I loved every bit of Memento, feeling almost in first-hand, what the protagonist was going through.  Guy Pearce did not need to look like a WWE wrestler to impress upon the viewers.  Probably Aamir thought just having such a body would make everything else, including acting uneccessary.  The ending was a total class-act, teasing the brain with further angles and possibilities, giving the mind something to chew on.  Ghajini only gave me a head-ache, in comparison.
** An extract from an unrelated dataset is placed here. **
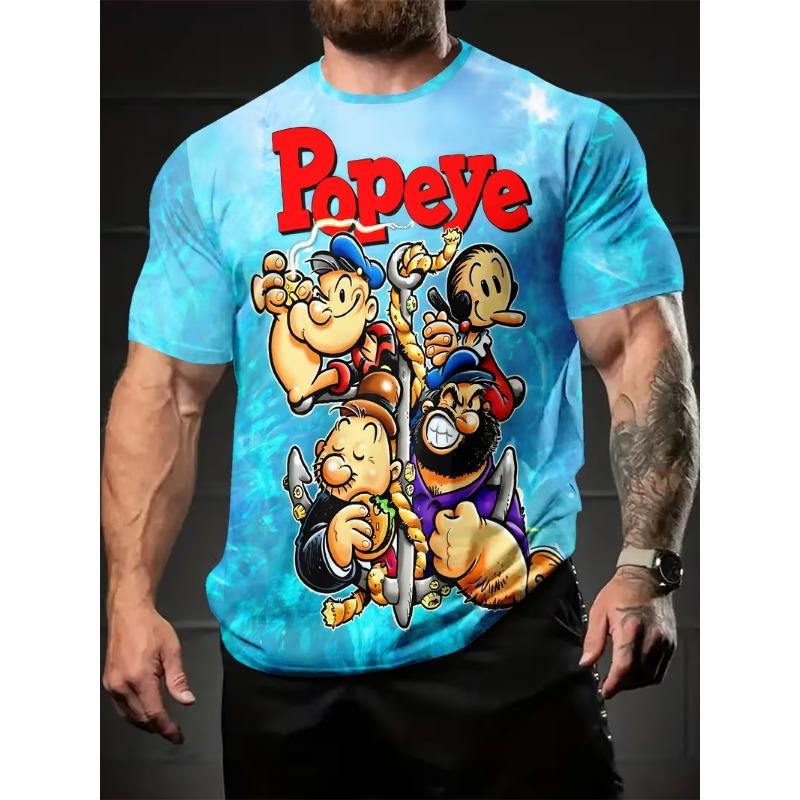 Mens T-shirt sailor cartoon character graffiti tattoo film strip graphic print short sleeve crew neck street casual top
The third movie I saw was Slumdog Millionaire.  Excellent movie.  Brilliant acting by rank new comers.  Take a hint,  Aamir, SRK, Akshay Kumar and all the others.  Your days of  being able to sell crap just because it has your signature on it, are coming to an end.  Real soon. The obvious question that came to the mind was why can’t Indian directors come up with a movie like Slumdog which is set in India and is about Indians?  Director Anurag Basu, in an interview to ‘The Hindu’ has stated that Indian directors don’t easily grab such opportunities as they read less or don’t read at all.  Amazing isn’t it?  Why read books when you can load a Hollywood movie into the DVD player and see how it can be ripped-off?  Creativity, anybody??? The movie was very enjoyable, taking the viewer on a rollercoaster ride starting in the slums and ending in riches.  One would be tempted to call it a ‘feel-good’ movie, but it does not attempt to sell a sugar-coated pill.  It makes no attempts at all to mask the sleaze and the slime.  What you see is what you actually get or rather, what you actually get is what you get to see, in the movie. On a side note,  I thought that Rehman’s Golden Globe winning ‘Jai Ho’ song was very ordinary, by his own standards as well as by that of Bollywood.  Does it mean that our music is way ahead of our filmmaking abilities?

The last movie that I caught was DasVidaniya.  Again, an exeptional poignant movie.  Brilliant acting by Vinay Pathak as the geek who gets rudely shaken out of his routine by a terminal illness and decides to make the most out of the rest of his life.  Shades of American Beauty are visible here and there, like the conversation Amar (Vinay Pathak) has with his alter-ego, when he realizes he has been ‘dead’ for years and decides to get his life back, including getting back at his boss, but the shades are just that, a salute of sorts and definitely no ripping off. Movies like DasVidaniya and ‘A Wednesday’ are the only reason why many viewers including yours truly have not completely given up on Bollywood.  About the rest, it’s time they stopped thinking that building biceps like the world is running out of steroids and dressing up like Chinese and cracking corny jokes can be substitutes for acting.